I am confused as to how best to index a table in MySQL and need help on the best type of index construction to use. Currently I am using a unique-key index on this table but do not know if this is the best approach to use and in some situations I cannot use this type of indexing due to MySQL limitations.

The table consists of a primary key and n-columns, in this scenario to keep it simple n=4. So the table looks like this: pk, col1, col2, col3, col4

The values in col1-n are VARCHARs typically with a length between 1 to 4 characters. The primary key is a concatenation of the col values. So typical rows could look like the following:

A:B:C:D, A, B, C, D
A:B:C:E, A, B, C, E
A:B:F:F, A, B, F, F

Where the first element is the primary key, and subsequent elements are col1, col2, etc.
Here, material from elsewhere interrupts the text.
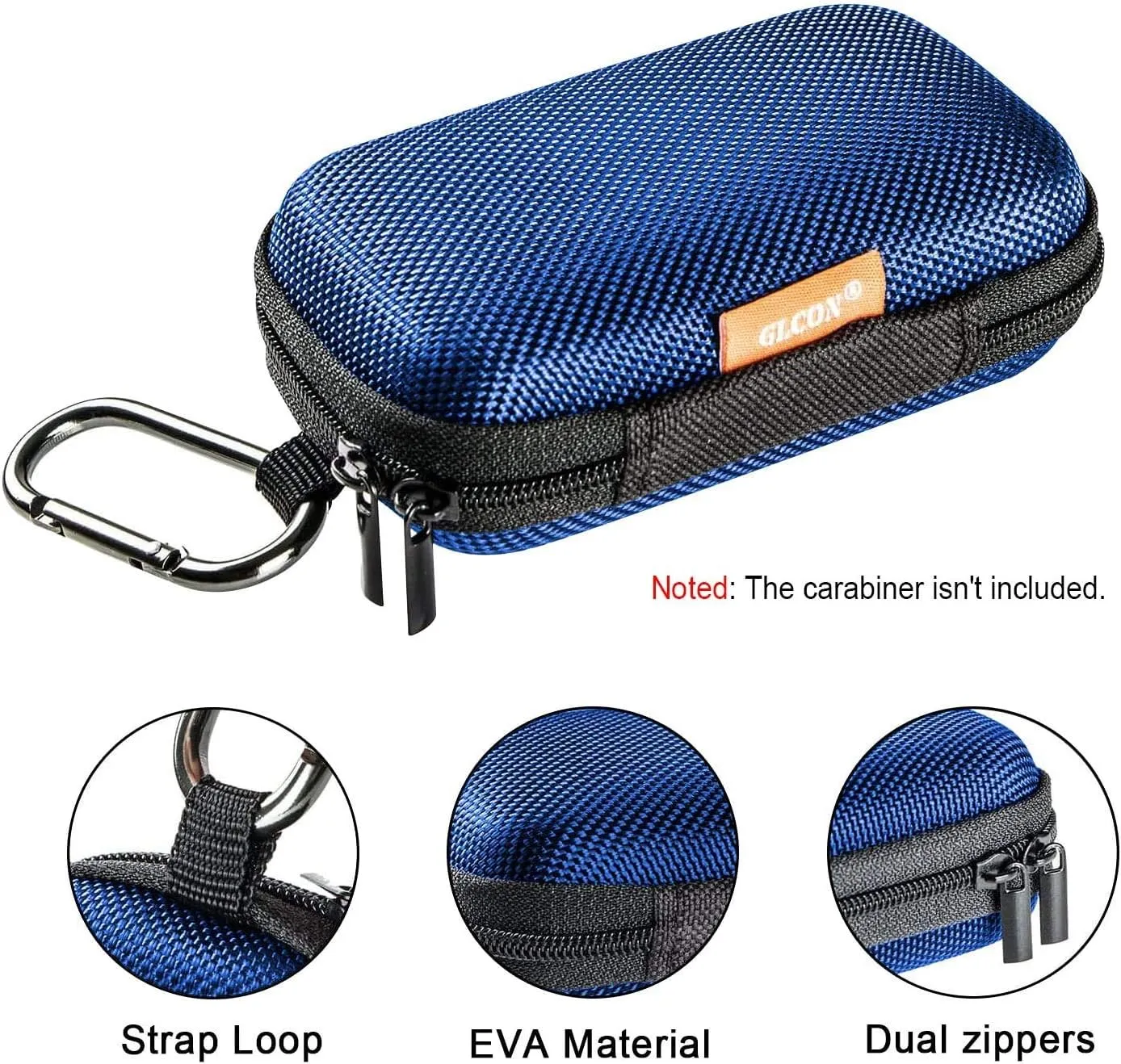 GLCON Earbud Carrying Case - Rectangle Shape Small Hard EVA Case, Mesh Inner Pocket, Durable Exterior - Lightweight Portable Universal Zipper Storage Bag for Wired Bluetooth Headset, Charger - Blue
The table needs to be optimised for queries, not inserts. The queries that I wish to perform will have a WHERE clause where we know some of the values in columns 1-4. So for example I might want to find all rows where the second column is 'B' or 'C'. Once I have the primary key I use this to JOIN another table.

I was creating a unique key on col1-4 (as they are unique). The problem is, as soon as n becomes large (>16), I can no longer create a unique key index (MySQL is limited to 16 columns for unique key constraints). This is not a problem as the primary key ensures uniqueness. However, I am unsure of two things:

a) Is the unique key a good index to use in order to optimise the speed of the queries?

b) When I can not use a unique key, what index should I use?

I have the following options, and I’m not sure which (if any) is the best:

a) Create a single index on (col1, col2, col3, col4)

b) Create an index per column (col1), (col2)…(col-n)

c) Create an index per col, with the pk included (pk, col1), (pk, col2), (pk, col-n)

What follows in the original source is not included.